Does anybody know how to find the confidence intervals for estimated parameters of a mixture of Gaussians by using EM algorithm?
-
1$\begingroup$ Could you be somewhat more clear? Why do you think EM is interesting in this case? What have you tried yourself? Also, can you describe your data clearly and specify which parameters you actually want estimated? This may help us understand exactly what you expect. $\endgroup$– Nick SabbeCommented May 2, 2013 at 12:59
-
1$\begingroup$ @NickSabbe: Hi Nick, sorry for my unclear question, I'm not good at math... :). My data come from a mixture of normal distributions (the number of components is known), I have used EM algorithm to estimate the proportion, mean and variance of each component. Suppose that the dataset is big enough, what I want to know is how to find the confident interval for each estimated proportion, mean and variance. $\endgroup$– An MaiCommented May 2, 2013 at 13:20
-
$\begingroup$ @AnMai I had a similiar problem as you have, check my posts: stats.stackexchange.com/questions/54736/… and stats.stackexchange.com/questions/54726/… The basic point is, that for confidence intervals you will need the standard errors. You can get them via boot.se but the problem is (see my posts) that this is not consistent, you get different values every time you run the code. The better solution is to use bootstrap ci: projecteuclid.org/… $\endgroup$– Stat TisticianCommented May 2, 2013 at 14:48
-
$\begingroup$ see also this paper: citeseerx.ist.psu.edu/viewdoc/summary?doi=10.1.1.53.203 $\endgroup$– Stat TisticianCommented May 2, 2013 at 14:53
-
$\begingroup$ @Stat Tistician I also encounted the same problem. Thanks for your sharing, I have downloaded all the documents you list above. However, I am bad at math, so could you just tell me whether I can use bootstrap or other tools to calculate the confidence intervals of the normal distribution component which is obtained by EM algorithm??? $\endgroup$– user26940Commented Jun 16, 2013 at 6:30
2 Answers
This is a natural question but as such it has no answer: EM is an optimisation algorithm, not a statistical inference principle. As such, it returns a maximum likelihood point estimate of the parameter in the best case (or a local mode in the worse cases).
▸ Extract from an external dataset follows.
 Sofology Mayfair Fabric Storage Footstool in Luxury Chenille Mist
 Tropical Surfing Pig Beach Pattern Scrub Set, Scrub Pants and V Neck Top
To find confidence intervals on the parameters, you need to involve other statistical principles, like bootstrap or Bayesian inference. Note that in the case of mixtures standard approximations fail because of the lack of identifiability of the parameters and the degeneracy at the boundaries of the parameter space.
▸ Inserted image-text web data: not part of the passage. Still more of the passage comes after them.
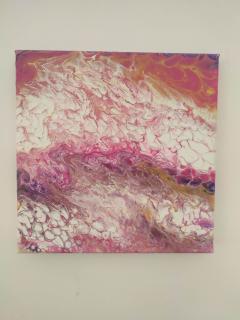 Fluid painting rose poudré, blanc et fuchsia avec effet pierre naturelle, peinture abstraite marbrée sur toile et décoration raffinée pour intérieur féminin / Fluid painting in zachtroze, wit en fuchsia met natuursteeneffect, abstract gemarmerd doek voor een verfijnd interieur / Blush pink, white and fuchsia fluid painting with natural stone effect, abstract marbled canvas for refined interior decor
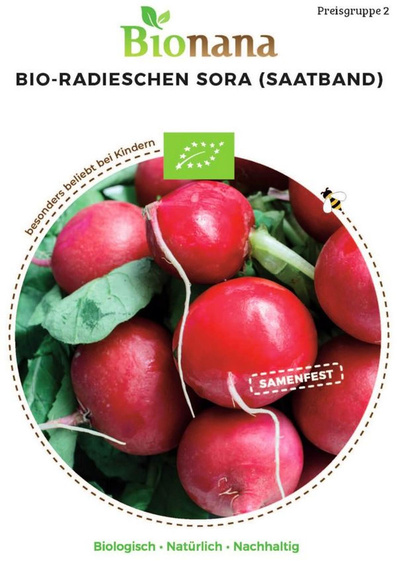 Produktfoto zu Saatgut Radieschen Sora Saatband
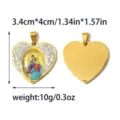 Pendente a Cuore Dorato Vintage Ritratto Religioso di Maria Strass Gioiello DIY - Grande Cuore Oro Strass Maria (TP2909-02zj1) / 3,4 cm x 4 cm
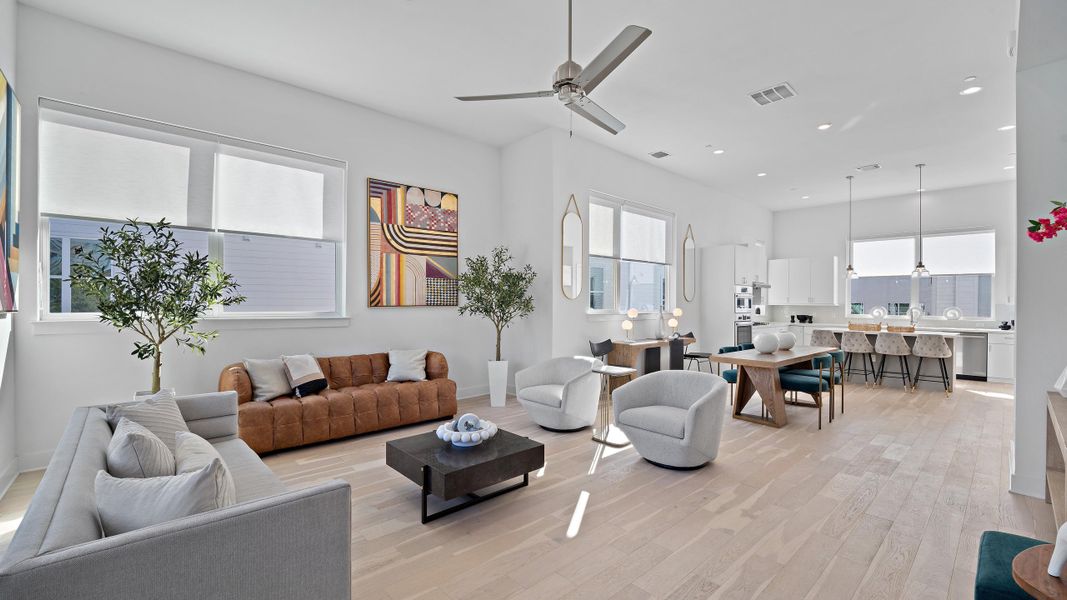 Furnished interior in a model home at Austin Modern Lofts at Mueller in Austin (Image 6).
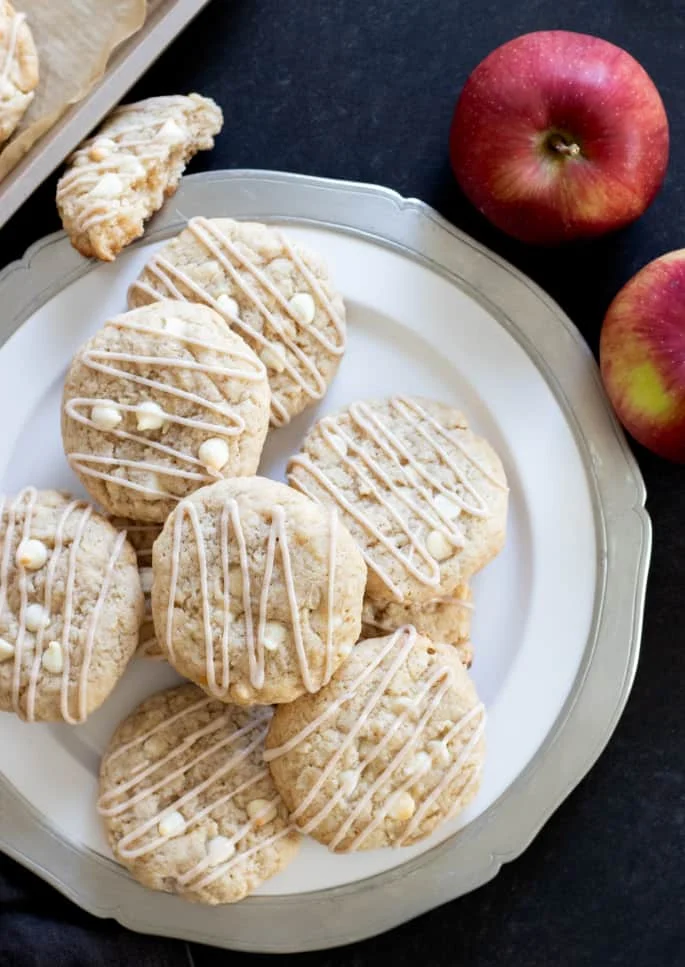 Overhead image of gluten free apple pie cookies on a platter.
If this were me, I would formulate this as a Bayesian problem, like Xi'an said, so that confidence (well, credible) intervals fall out naturally. Since the mixture component means are random variables, the posterior distribution will tell you everything you need to know about your estimated parameters, beyond just point estimates and confidence intervals. While it's true that standard Bayesian methods like MCMC will perform poorly on mixture model data due to lack of identifiability and a highly multimodal posterior, you can mitigate this computationally (like by using Potentials in PyMC3) or by switching to Variational Inference, which is not only better suited to this problem but will also give you back a distribution for each parameter.